But this did not deter CEO Mark Zuckerberg from announcing a new focus on none other than privacy, in a long-winded statement made less than a month ago, that now seems almost forgotten.

More recently, Facebook had another announcement to make: that it had been storing up to 600 million passwords its users need to access the service in plain text, putting these files within easy reach of over 20,000 Facebook employees – and that this had been going on since 2012.

With this newly established reputation for being terrible with password security, Facebook would now like its users to hand over – some more passwords. This time, the passwords to the email account that they used to create their Facebook account. Why? That remains unclear.

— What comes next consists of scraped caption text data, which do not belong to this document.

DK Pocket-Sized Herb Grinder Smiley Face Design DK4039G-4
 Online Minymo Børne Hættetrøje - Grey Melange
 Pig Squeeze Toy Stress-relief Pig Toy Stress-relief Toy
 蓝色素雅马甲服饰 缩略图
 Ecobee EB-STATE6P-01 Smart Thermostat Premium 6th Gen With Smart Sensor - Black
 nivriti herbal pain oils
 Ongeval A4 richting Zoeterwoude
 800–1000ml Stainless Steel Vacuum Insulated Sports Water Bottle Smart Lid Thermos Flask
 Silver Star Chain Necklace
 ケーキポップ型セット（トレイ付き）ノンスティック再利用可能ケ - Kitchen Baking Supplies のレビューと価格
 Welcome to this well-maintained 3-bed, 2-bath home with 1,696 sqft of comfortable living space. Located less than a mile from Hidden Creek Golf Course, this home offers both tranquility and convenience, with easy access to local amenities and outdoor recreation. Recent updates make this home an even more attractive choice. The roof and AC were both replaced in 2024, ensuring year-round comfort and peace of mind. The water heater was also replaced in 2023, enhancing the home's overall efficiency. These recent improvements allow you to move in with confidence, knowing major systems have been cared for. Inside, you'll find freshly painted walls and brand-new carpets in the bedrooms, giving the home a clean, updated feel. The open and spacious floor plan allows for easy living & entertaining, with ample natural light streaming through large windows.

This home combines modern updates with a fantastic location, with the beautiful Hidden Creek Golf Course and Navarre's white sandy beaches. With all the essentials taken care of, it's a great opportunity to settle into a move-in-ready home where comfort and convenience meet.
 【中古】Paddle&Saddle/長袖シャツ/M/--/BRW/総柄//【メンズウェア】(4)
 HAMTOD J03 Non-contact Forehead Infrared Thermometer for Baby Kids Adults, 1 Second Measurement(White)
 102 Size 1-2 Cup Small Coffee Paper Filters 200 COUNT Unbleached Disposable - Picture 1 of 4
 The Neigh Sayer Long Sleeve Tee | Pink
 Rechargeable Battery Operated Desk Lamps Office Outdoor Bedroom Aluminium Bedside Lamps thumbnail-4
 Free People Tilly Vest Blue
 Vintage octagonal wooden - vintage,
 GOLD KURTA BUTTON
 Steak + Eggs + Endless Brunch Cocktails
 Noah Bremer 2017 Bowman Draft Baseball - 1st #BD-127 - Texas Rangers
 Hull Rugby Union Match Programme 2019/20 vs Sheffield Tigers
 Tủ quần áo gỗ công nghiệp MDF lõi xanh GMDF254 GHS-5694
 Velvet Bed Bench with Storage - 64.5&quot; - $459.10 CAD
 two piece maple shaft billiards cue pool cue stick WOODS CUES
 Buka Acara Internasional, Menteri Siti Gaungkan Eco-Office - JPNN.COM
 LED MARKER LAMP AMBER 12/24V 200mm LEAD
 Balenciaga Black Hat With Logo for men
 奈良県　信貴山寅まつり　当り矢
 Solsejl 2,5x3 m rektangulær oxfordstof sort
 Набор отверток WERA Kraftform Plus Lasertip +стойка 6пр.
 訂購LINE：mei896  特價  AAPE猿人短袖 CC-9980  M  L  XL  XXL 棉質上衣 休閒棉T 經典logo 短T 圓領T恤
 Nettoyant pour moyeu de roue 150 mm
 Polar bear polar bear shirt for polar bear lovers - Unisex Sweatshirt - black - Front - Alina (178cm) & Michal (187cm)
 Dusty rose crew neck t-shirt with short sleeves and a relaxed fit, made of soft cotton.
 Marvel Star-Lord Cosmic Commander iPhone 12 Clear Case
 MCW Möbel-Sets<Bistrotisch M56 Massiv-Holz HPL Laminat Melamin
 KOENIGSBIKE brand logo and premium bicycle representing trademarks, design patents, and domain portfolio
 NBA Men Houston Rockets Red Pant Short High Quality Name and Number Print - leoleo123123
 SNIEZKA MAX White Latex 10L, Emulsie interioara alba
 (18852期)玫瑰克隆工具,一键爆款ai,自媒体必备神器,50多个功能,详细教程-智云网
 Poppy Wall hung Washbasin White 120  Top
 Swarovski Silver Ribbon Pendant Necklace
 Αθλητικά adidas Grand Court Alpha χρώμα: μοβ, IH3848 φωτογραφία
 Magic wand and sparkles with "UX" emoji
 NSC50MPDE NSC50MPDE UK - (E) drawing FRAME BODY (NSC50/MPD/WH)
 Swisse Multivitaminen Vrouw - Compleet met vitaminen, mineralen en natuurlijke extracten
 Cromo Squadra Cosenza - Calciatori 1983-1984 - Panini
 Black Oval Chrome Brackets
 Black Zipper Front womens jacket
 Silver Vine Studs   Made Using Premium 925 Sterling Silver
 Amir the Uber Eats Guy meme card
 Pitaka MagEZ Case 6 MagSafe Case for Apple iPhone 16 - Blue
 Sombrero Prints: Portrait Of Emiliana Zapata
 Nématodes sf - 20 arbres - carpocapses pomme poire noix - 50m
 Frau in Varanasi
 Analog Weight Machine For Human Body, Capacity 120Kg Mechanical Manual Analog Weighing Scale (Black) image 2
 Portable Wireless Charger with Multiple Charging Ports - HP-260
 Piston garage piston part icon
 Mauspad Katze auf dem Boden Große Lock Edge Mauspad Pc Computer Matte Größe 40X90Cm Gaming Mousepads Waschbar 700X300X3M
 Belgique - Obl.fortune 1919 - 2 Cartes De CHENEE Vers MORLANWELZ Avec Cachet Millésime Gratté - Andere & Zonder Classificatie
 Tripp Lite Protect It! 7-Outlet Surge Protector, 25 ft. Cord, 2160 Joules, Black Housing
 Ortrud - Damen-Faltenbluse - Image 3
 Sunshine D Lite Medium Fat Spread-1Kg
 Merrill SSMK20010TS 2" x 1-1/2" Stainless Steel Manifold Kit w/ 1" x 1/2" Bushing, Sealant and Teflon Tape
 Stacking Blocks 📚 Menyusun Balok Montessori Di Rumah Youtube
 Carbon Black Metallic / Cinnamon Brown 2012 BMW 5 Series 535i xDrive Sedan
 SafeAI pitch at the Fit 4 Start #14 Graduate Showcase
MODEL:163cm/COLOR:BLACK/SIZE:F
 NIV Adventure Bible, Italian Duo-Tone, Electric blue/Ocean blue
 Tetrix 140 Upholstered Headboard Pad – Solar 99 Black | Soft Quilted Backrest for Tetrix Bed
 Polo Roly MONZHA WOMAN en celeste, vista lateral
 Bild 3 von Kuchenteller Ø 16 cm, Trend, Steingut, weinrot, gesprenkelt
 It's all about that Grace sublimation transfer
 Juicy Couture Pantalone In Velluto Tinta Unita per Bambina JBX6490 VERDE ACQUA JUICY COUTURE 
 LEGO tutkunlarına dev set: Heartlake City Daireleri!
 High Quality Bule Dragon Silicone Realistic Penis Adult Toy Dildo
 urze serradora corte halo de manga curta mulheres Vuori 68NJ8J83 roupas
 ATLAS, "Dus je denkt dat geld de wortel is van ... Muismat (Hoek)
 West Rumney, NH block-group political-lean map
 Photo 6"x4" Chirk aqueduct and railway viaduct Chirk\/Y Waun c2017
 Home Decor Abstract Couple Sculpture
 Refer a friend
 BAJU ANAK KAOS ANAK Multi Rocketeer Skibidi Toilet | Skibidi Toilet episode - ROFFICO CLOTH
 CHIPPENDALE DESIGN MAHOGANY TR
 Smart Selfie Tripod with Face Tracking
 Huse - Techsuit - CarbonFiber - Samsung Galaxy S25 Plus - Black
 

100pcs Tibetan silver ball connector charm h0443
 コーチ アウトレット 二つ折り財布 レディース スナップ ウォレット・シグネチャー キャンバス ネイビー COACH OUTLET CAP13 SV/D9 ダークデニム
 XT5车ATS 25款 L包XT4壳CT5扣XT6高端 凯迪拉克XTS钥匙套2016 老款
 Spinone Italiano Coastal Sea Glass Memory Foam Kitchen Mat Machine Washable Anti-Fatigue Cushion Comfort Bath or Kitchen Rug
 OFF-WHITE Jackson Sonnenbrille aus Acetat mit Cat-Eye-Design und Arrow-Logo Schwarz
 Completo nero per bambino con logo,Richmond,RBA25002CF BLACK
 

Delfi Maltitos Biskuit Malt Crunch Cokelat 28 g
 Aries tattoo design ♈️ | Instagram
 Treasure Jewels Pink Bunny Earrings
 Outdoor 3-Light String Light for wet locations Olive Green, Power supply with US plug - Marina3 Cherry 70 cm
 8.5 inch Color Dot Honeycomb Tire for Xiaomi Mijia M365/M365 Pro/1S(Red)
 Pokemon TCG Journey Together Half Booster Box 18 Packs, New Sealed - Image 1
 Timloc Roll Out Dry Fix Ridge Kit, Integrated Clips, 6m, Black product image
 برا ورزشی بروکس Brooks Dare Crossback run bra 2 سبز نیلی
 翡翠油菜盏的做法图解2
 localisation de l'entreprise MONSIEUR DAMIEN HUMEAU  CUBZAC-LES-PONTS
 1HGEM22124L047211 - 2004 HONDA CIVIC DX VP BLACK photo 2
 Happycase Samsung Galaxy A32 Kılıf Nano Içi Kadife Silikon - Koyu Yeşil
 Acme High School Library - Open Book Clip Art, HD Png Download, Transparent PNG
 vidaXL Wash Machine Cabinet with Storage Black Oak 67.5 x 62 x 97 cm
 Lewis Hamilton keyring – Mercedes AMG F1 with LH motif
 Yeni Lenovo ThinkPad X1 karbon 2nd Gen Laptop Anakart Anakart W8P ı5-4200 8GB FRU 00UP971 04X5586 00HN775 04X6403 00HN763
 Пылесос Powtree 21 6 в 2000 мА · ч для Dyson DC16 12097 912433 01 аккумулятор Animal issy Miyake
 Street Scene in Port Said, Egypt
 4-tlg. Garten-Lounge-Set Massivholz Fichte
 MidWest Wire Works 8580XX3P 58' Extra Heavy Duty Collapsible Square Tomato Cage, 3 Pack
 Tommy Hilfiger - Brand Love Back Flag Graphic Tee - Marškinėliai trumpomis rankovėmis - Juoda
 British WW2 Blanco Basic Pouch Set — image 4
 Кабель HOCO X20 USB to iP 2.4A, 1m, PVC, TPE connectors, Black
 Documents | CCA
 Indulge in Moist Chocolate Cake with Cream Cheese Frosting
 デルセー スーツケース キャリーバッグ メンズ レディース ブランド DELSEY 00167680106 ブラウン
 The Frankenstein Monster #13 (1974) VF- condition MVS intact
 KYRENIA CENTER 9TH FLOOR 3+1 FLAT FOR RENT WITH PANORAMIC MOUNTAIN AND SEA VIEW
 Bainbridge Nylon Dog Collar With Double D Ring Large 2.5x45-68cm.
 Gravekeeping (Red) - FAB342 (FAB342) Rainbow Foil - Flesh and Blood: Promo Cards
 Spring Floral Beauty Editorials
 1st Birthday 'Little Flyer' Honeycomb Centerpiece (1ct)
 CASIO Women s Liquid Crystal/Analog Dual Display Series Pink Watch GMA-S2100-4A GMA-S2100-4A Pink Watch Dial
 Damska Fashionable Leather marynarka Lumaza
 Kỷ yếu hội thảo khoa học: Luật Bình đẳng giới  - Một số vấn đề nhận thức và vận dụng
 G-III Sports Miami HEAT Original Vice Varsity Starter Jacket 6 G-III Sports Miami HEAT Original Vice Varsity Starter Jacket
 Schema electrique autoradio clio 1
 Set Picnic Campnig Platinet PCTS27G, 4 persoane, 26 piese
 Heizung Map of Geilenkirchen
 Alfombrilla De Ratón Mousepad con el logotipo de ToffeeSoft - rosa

The Daily Beast says the social platform has been pestering users with a message reading, “To continue using Facebook, you’ll need to confirm your email (…)” and then asking for their email password in a separate box underneath.

The publication picked up the story from a tweet posted by “e-sushi” and said that it was able to test and confirm this happening. Whether or not users are asked to surrender their email passwords to Facebook hinges on whether they used email to sign up.

source: @originalesushi twitter.com

But the puzzling demand, that got one security researcher, Jake Williams, to describe it as “beyond sketchy” – seems to be on its way out, the Daily Beast is reporting, citing an emailed response it received from Facebook.

The “good” news here is that Facebook promised not to store the email passwords collected in this way; and users also had the ability to opt out of this process and log in by using codes or links sent to phones or emails – but the trick was to find the option, as it was stashed away under the “Need help?” link “in one corner of the page.”